**GIVEN RECORDS**.

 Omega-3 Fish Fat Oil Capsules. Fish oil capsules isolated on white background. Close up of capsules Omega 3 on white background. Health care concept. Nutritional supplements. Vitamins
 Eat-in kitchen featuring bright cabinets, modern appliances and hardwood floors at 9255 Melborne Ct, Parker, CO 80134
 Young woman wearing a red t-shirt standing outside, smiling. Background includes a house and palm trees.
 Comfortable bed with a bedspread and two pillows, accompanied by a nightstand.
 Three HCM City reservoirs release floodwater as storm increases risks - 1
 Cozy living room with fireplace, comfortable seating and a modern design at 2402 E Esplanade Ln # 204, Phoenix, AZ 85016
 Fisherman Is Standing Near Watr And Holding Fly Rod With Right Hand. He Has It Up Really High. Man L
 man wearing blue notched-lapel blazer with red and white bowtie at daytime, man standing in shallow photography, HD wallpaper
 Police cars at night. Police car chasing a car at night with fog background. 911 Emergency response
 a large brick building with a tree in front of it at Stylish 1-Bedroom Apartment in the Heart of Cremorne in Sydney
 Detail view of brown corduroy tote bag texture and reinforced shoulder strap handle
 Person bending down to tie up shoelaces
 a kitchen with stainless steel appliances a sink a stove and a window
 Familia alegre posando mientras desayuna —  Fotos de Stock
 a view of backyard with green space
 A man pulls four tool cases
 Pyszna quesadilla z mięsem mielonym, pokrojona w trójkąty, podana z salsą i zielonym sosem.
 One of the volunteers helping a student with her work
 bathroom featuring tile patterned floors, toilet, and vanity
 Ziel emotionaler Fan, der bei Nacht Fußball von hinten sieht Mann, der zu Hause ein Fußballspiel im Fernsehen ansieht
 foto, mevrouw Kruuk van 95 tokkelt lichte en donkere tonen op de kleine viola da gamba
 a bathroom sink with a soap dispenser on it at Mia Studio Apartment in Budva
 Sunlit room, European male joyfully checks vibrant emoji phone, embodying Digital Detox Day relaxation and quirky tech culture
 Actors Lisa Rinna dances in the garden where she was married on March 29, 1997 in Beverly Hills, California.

**AIM OF THE TASK**. Please output all of the entries without changing a single character.

**OUTPUT**.
 Omega-3 Fish Fat Oil Capsules. Fish oil capsules isolated on white background. Close up of capsules Omega 3 on white background. Health care concept. Nutritional supplements. Vitamins
 Eat-in kitchen featuring bright cabinets, modern appliances and hardwood floors at 9255 Melborne Ct, Parker, CO 80134
 Young woman wearing a red t-shirt standing outside, smiling. Background includes a house and palm trees.
 Comfortable bed with a bedspread and two pillows, accompanied by a nightstand.
 Three HCM City reservoirs release floodwater as storm increases risks - 1
 Cozy living room with fireplace, comfortable seating and a modern design at 2402 E Esplanade Ln # 204, Phoenix, AZ 85016
 Fisherman Is Standing Near Watr And Holding Fly Rod With Right Hand. He Has It Up Really High. Man L
 man wearing blue notched-lapel blazer with red and white bowtie at daytime, man standing in shallow photography, HD wallpaper
 Police cars at night. Police car chasing a car at night with fog background. 911 Emergency response
 a large brick building with a tree in front of it at Stylish 1-Bedroom Apartment in the Heart of Cremorne in Sydney
 Detail view of brown corduroy tote bag texture and reinforced shoulder strap handle
 Person bending down to tie up shoelaces
 a kitchen with stainless steel appliances a sink a stove and a window
 Familia alegre posando mientras desayuna —  Fotos de Stock
 a view of backyard with green space
 A man pulls four tool cases
 Pyszna quesadilla z mięsem mielonym, pokrojona w trójkąty, podana z salsą i zielonym sosem.
 One of the volunteers helping a student with her work
 bathroom featuring tile patterned floors, toilet, and vanity
 Ziel emotionaler Fan, der bei Nacht Fußball von hinten sieht Mann, der zu Hause ein Fußballspiel im Fernsehen ansieht
 foto, mevrouw Kruuk van 95 tokkelt lichte en donkere tonen op de kleine viola da gamba
 a bathroom sink with a soap dispenser on it at Mia Studio Apartment in Budva
 Sunlit room, European male joyfully checks vibrant emoji phone, embodying Digital Detox Day relaxation and quirky tech culture
 Actors Lisa Rinna dances in the garden where she was married on March 29, 1997 in Beverly Hills, California.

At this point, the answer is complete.